Nicola Durvasula, Chitra Ganesh, Tejal Shah (Works)

Selected Works

Nicola Durvasula, Chitra Ganesh, Tejal Shah

January 26 – February 18, 2006

Nicola Durvasula, Chitra Ganesh, Tejal Shah Press Release

Thomas Erben is excited to present three artists whose work employs signifiers of Indian culture and mythology, both historic as well as popular, to challenge traditionally prescribed notions of femininity, sexuality, and form. The media used are hybridized (mainly video, drawing, and collage) as are the cultural influences:

Nicola Durvasula was born 1960 in the U.K. and, after studies in France, taught for several years at the University of Hyderabad, India; of Indian ethnicity, Chitra Ganesh (b. 1975) was raised in Brooklyn, New York, and received an MFA from Columbia University; Tejal Shah (b. 1979) grew up in central India, eventually moving to Bombay in 1995. She completed her BA in photography in Australia and went on to the Art Institute of Chicago as a Visiting Scholar. Since 2001, she has been working and living in Bombay.

The delicate, figurative line drawings of Nicola Durvasula draw inspiration from recognizable, eclectic sources such as miniature painting, Kama Sutra illustrations, Western art history, and popular culture, both East and West. For Durvasula, exploring the potential of the medium and emphasizing the problems of structure and style is as important as the imagery itself.  Her work has been exhibited with important venues in India such as Gallery Chemould and Sakshi Gallery, both in Mumbai, and with public and private venues in Europe and the U.S. This coming March, her work will be included in Lila/Play: Contemporary Miniatures and New Art from South Asia in Victoria, Australia.

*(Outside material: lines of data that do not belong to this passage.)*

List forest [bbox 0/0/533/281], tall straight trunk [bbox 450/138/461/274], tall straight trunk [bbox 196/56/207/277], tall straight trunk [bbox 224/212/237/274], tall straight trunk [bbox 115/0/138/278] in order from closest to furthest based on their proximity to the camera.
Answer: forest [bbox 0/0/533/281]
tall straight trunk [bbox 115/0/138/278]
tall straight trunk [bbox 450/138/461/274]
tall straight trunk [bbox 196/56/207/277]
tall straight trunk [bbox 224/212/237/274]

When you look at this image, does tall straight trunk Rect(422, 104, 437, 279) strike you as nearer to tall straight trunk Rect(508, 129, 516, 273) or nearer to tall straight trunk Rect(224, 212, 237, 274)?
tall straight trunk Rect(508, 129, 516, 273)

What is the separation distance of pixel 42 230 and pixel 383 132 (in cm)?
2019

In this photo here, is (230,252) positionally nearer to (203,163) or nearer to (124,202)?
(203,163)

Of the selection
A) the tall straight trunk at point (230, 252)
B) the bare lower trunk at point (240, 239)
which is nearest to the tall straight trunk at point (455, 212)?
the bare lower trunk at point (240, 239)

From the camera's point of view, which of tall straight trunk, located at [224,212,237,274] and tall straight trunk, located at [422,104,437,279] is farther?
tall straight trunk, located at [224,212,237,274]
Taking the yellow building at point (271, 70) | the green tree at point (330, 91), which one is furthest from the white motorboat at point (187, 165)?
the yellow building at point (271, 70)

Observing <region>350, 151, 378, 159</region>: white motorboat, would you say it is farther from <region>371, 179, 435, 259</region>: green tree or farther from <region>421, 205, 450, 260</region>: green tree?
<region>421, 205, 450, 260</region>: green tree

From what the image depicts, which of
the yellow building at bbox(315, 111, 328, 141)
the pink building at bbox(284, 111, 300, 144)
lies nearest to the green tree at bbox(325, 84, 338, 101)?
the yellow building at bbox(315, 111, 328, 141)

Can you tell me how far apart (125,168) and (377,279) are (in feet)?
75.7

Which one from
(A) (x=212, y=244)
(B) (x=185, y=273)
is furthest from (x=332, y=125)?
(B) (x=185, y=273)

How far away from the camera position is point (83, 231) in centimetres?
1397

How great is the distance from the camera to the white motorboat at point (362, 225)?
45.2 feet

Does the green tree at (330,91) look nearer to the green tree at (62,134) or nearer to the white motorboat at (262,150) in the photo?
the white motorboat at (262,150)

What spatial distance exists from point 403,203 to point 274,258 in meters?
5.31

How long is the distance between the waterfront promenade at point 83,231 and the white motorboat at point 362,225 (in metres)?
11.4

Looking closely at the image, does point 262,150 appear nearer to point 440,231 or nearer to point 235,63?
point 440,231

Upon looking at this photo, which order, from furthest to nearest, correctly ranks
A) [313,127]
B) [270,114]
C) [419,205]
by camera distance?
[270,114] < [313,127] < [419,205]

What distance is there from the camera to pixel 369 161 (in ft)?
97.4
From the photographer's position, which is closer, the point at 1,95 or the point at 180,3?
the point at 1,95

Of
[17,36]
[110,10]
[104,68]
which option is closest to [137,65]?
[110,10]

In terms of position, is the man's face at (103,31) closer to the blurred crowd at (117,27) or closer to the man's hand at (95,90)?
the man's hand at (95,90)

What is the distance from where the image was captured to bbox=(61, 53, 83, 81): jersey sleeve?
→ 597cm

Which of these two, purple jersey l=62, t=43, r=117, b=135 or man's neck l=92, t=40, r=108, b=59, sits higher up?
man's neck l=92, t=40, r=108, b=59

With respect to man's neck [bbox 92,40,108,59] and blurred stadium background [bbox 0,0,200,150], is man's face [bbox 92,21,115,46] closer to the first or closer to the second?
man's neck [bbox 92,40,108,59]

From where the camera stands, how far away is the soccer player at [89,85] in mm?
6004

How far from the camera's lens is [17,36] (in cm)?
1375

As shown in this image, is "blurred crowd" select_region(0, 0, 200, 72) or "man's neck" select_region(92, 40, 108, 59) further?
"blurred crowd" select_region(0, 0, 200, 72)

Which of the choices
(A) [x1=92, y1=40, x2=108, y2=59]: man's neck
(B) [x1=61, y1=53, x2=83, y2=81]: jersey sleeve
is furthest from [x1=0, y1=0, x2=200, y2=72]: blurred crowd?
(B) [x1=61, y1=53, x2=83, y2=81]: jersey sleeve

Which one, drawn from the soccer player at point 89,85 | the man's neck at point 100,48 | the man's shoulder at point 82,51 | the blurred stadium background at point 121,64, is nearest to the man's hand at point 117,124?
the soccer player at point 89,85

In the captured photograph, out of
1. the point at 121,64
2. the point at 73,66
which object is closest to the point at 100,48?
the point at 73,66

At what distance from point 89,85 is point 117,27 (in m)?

Chitra Ganesh’s wall drawings and installations have been quite visible over the past years. Works appeared in Fatal Love, Queens Museum of Art, 2005, and Treasure Maps, curated by Janine Antoni, Apex Art, 2004. This fall, she will be part of a survey exhibition of Asian American art at the Asia Society, New York. Internationally, the Gwangju Contemporary Art Museum, Korea, included her in a survey of wall works. On view are several re-photographed collage drawings mining the exuberant camp-ness of Hindu comics. Although traditional in appearance their subverted subject matter brims with sexual desire and up-roots social expectations and female gender roles.

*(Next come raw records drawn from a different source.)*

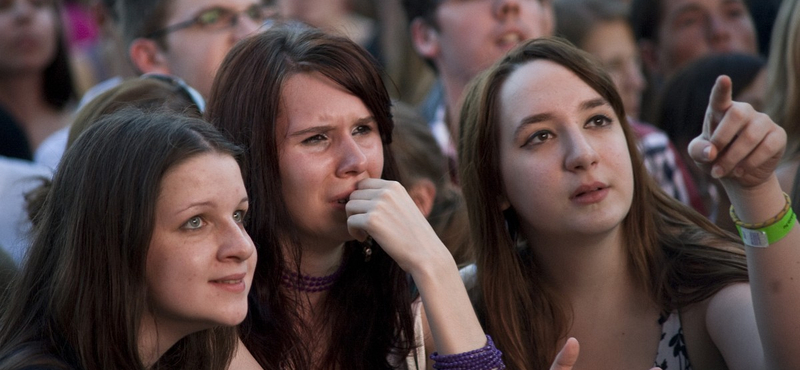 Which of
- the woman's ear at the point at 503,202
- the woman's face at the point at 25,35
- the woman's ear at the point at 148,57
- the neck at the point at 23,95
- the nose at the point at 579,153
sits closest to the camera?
the nose at the point at 579,153

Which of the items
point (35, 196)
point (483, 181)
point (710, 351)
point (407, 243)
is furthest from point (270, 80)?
point (710, 351)

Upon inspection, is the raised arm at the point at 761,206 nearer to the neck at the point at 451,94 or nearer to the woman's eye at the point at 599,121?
the woman's eye at the point at 599,121

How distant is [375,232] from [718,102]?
0.88 metres

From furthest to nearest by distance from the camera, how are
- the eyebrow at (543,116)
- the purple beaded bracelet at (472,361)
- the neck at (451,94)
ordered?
the neck at (451,94) → the eyebrow at (543,116) → the purple beaded bracelet at (472,361)

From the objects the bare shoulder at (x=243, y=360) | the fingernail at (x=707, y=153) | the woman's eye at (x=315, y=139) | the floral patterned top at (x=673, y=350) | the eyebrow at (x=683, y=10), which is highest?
the eyebrow at (x=683, y=10)

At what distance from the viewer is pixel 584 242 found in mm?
2781

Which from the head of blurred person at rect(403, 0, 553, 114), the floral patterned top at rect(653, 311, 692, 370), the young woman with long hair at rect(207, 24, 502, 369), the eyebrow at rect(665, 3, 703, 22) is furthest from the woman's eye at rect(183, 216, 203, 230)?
the eyebrow at rect(665, 3, 703, 22)

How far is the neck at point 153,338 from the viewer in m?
2.14

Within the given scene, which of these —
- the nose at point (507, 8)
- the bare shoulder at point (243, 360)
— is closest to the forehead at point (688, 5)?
the nose at point (507, 8)

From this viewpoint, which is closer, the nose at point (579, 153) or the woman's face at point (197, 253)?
the woman's face at point (197, 253)

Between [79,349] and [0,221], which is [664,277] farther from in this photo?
[0,221]

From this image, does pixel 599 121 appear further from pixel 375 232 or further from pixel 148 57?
pixel 148 57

Chingari Chumma/Stinging Kiss, 2000, 8:30 min. Tejal Shah’s seminal video (made in collaboration with artist Anuj Vaidya) is a ‘fairytale fantasy’ which transports us right into a Bollywood film climax. Typically, the abducted heroine is taken to the bandit’s den where he inevitably ties her up or makes her dance; the hero comes in time to save his beloved, just before the villain can commit the ultimate atrocity. Only here, the hero never arrives and the sequence ends in a queerly consensual fantasy where nothing is fixed any longer. Besides screenings at numerous international film festivals, this work has been shown in such notable exhibitions as Indian Summer, Eole Nationale des Beaux-Arts, Paris, 2005;and Indian Video Art: History in Motion, Fukuoka Art Museum, Japan, 2004. Upcoming are solo shows with Galerie Mirchandani + Steinrucke, Bombay, Devi Art Foundation, New Delhi, and her inclusion in the inaugural presentation of the Elizabeth Sackler Center for Feminist Art at the Brooklyn Museum, NY. Shah is considered one of the most important Indian video artists of her generation. She will also have a solo exhibition with this gallery opening May 27, 2006.